_WHAT THE TASK ASKS:_ Copy word for word, please, the lines of the entries below running from the one containing "Kensington Art Fair returns May 27-29" to the one containing "Clinica Veterinaria El", both ends included.

_DATA SUPPLIED:_
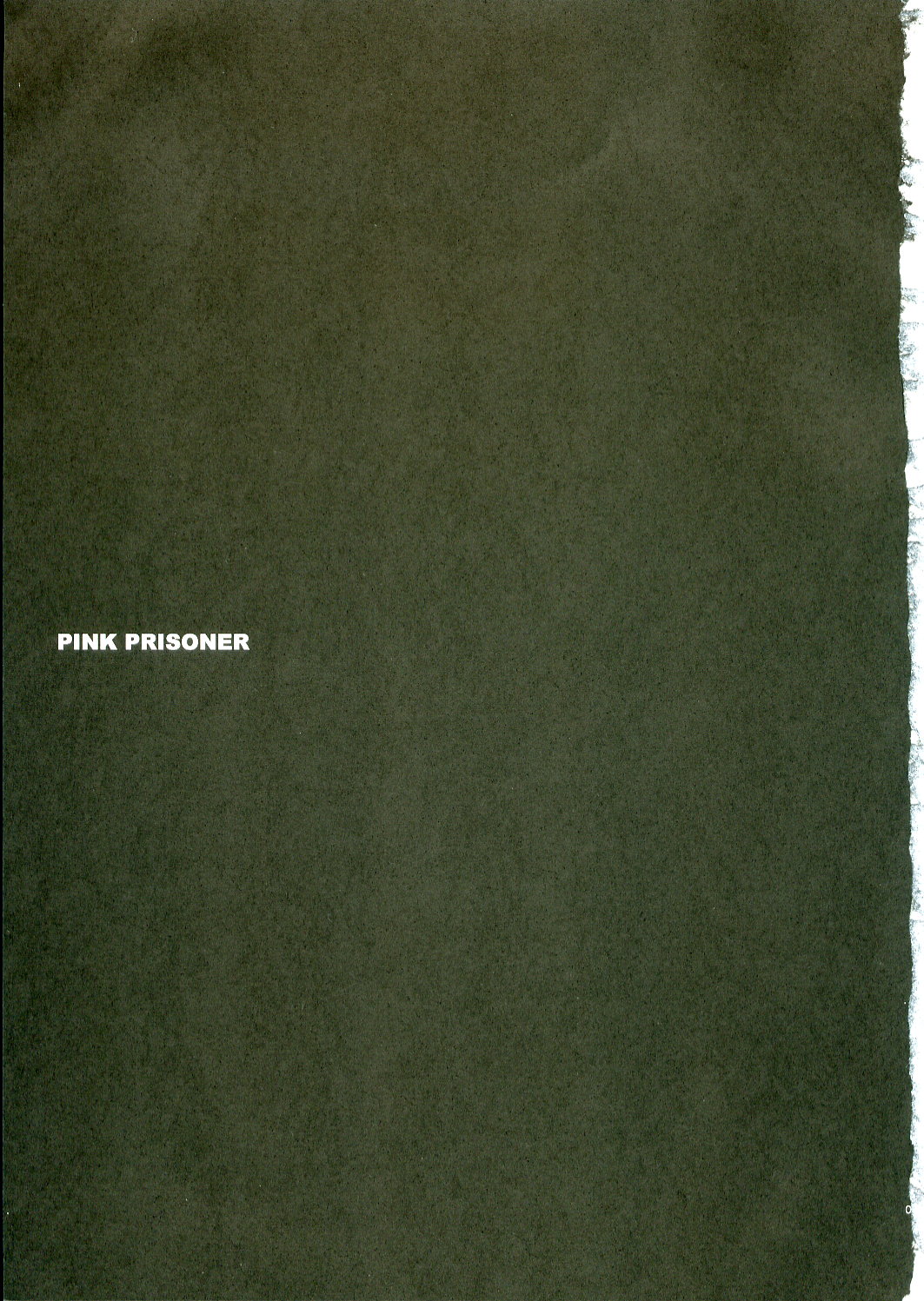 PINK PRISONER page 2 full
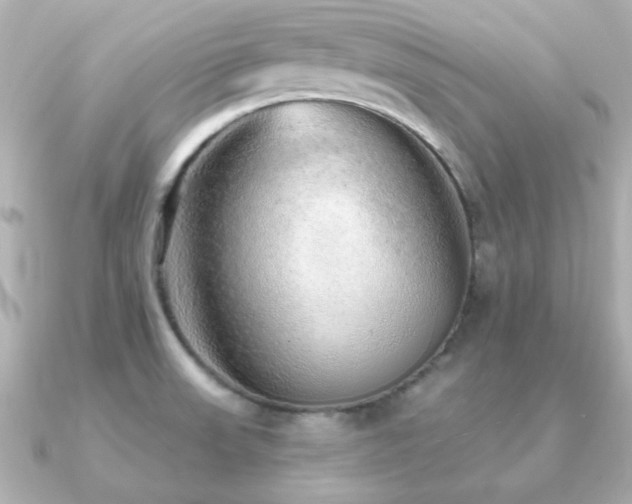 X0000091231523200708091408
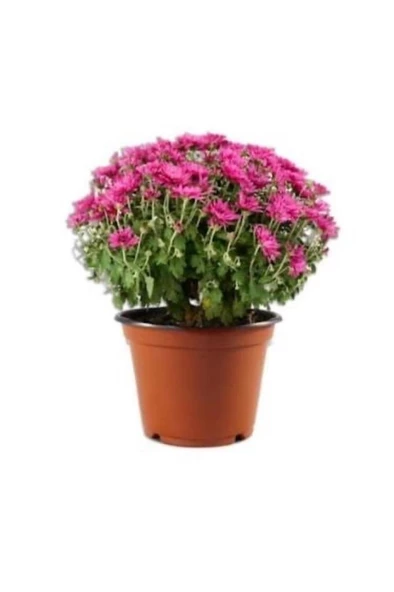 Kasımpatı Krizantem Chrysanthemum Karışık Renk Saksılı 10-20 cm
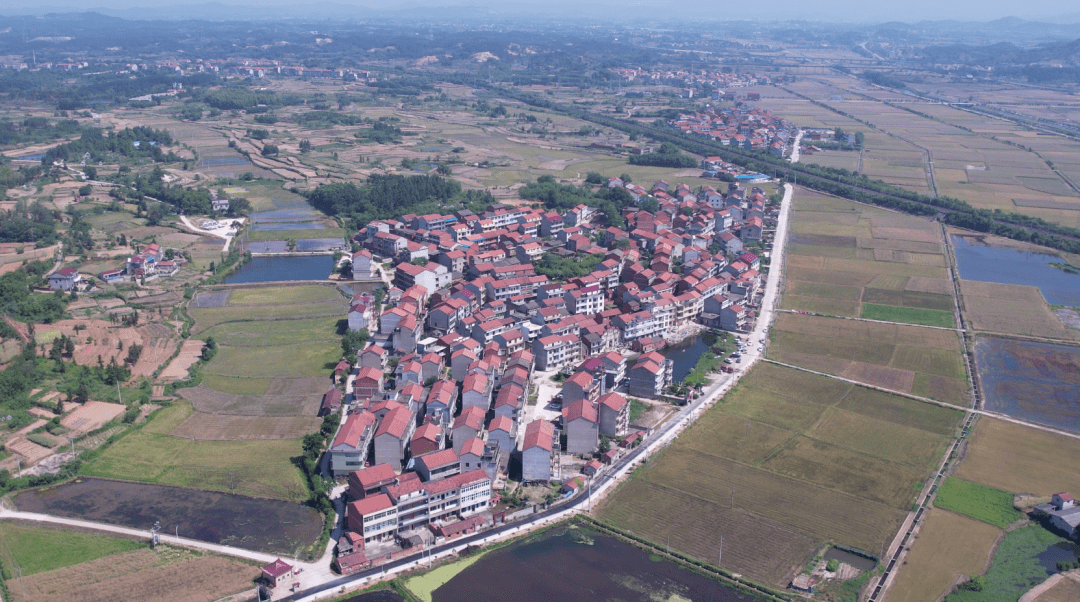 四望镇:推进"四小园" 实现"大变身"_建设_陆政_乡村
* * *
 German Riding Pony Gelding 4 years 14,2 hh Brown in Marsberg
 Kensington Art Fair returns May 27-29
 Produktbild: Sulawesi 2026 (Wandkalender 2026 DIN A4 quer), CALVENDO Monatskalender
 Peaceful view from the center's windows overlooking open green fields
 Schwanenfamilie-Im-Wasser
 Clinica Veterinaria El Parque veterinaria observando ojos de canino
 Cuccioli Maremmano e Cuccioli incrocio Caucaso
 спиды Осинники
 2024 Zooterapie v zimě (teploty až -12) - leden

_ANSWER SECTION:_
 Kensington Art Fair returns May 27-29
 Produktbild: Sulawesi 2026 (Wandkalender 2026 DIN A4 quer), CALVENDO Monatskalender
 Peaceful view from the center's windows overlooking open green fields
 Schwanenfamilie-Im-Wasser
 Clinica Veterinaria El Parque veterinaria observando ojos de canino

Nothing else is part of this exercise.